E depois a troca com o bate-papo, elemento que até então ainda não tinha acontecido, com exceção de Fortaleza, só veio a somar, a tornar o espetáculo e a emoção pela partilha mais inteiros... Pessoas que não posso deixar de citar: Maira, mediadora do bate-papo, uma mulher vermelha e doce que se permitiu sensibilizar pela peça e que fez crescer a vontade de fazermos o CD com as músicas do espetáculo; Luciana, a cantora que chorou com a música de Oxúm, e seus dois amigos (clowns). Não vou esquecer a energia, observações e comentários que me foram tão comunicativos e ricos. Ah... e o Júnior, nosso motorista, que nos mostrou um bocado dos pedaços inesquecíveis dessa viagem de calor/frio, claridade/névoa.

Por Marina Brito
De 37° á 17°... meu Deus! Foi assim que Cuiabá nos recebeu, com essa mudança brusca de temperatura. Bem como a cidade: surpreendente! Sim, diante daquele friozinho, o primeiro dia foi de um público bem ameno, mas de repente no outro dia... mais gente! E é que estava mais frio. Meus ossos doíam um pouco... não estava muito bem de saúde.

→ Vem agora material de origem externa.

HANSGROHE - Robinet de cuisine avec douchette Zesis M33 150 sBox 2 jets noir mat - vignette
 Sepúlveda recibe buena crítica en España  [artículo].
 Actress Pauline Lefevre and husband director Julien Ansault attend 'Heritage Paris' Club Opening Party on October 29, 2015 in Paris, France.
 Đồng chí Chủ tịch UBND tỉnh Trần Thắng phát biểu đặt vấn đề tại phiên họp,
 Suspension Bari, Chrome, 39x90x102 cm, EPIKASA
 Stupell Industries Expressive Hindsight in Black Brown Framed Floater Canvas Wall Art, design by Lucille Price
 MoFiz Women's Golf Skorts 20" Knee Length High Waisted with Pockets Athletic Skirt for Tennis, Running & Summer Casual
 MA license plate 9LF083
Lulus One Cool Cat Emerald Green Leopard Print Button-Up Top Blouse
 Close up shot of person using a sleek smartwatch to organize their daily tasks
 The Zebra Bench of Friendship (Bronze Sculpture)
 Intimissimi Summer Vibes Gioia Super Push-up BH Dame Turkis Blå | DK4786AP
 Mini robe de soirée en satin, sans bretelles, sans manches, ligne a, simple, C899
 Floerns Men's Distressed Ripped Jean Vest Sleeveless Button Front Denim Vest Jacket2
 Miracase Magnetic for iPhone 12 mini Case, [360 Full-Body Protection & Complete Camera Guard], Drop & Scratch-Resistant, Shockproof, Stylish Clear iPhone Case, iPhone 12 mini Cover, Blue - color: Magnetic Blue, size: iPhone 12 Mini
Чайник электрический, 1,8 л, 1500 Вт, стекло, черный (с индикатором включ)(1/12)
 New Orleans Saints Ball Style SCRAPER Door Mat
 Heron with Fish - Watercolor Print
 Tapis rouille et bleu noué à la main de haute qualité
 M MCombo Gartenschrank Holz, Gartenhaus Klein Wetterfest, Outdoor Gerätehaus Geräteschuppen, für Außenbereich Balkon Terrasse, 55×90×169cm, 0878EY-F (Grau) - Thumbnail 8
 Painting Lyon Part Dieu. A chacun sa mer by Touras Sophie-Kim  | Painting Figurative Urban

Mas é tão engraçado, a vontade que a gente fica de fazer e trazer pra cena o melhor que temos e festejar o Encantrago faça chuva ou faça sol! 
Então foi assim, mesmo adoentada, com febre e dor no corpo, por conta das mudanças bruscas de temperatura, parece que a gente não sente muito bem durante a apresentação. Seu corpo fica atento a jogo cênico, aos espectadores. Temos que estar vivo, mesmo morrendo. Nas duas apresentações, eu gostei muito, mas me percebi muito tecnicamente pensante na cena para que desse tudo certo, pois meu corpo estava com uma menor energia necessária ao espetáculo. O público nos ajudou muito. Sempre ajudam. Gosto muito de agradacer com palmas o público no final do espetáculo por que eles atuam também junto com a gente e nossa apresentação depende muito da energia emanada deles. Durante os debates, maravilhosamente mediado por duas atrizes da cidade, percebi uma ótima recepção dos Cuiabanos. Obrigada! Axé!

Por Herê Aquino


Saímos do frio de Porto Alegre para o calor de Cuiabá. Choque térmico no primeiro momento... temperatura que variou entre os 12° e 38°, fadiga no corpo de madrugar nos aeroportos... presente de Cuiabá que caprichou num clima mais ameno durante nossa estadia... felicidade e adaptação rápida... Espaço de apresentação lindo... salão do SESC Arsenal... Encantrago se arruma para receber os Cuiabanos.
Em relação à apresentação foi entrega total do público à proposta do espetáculo que prima por esse encontro e por essa troca entre os atores e os espectadores. Os olhares se traiam entre o momento de encantamento e o crítico. Emoção e pensamento que dialeticamente duelavam e se complementavam no turbilhão de manifestações que aconteceram durante o espetáculo. Razão e emoção, intelectualidade e sensorial que longe de se apartarem completaram essa totalidade que se faz na busca pelo equilíbrio no desequilíbrio, no cosmo que se forma a partir do caos, da morte que surge para o nascimento de uma nova vida.
O bacana desse projeto é isso: propiciar a possibilidade do encontro entre as pessoas, entre as estéticas, pensamentos, emoções, fantasias que nos revigora a alma de artista. Encanta-me as pessoas, os bate-papos pós espetáculo, as curiosidades, os comentários deixados em nosso livro de visitas, tão sinceros, tão cheios de sentimentos e agradecimentos pelo encontro. Pra nós fica essa sensação de estar sempre partindo, mas levando na mochila um pouquinho de cada cidade, cultura, pessoa e experiências adquiridas durante cada pouso.  Afinal, faz parte de nossa alma de artista estar sempre indo em busca de novas descobertas com a alma ávida e repleta de desejos.
Evoé!!!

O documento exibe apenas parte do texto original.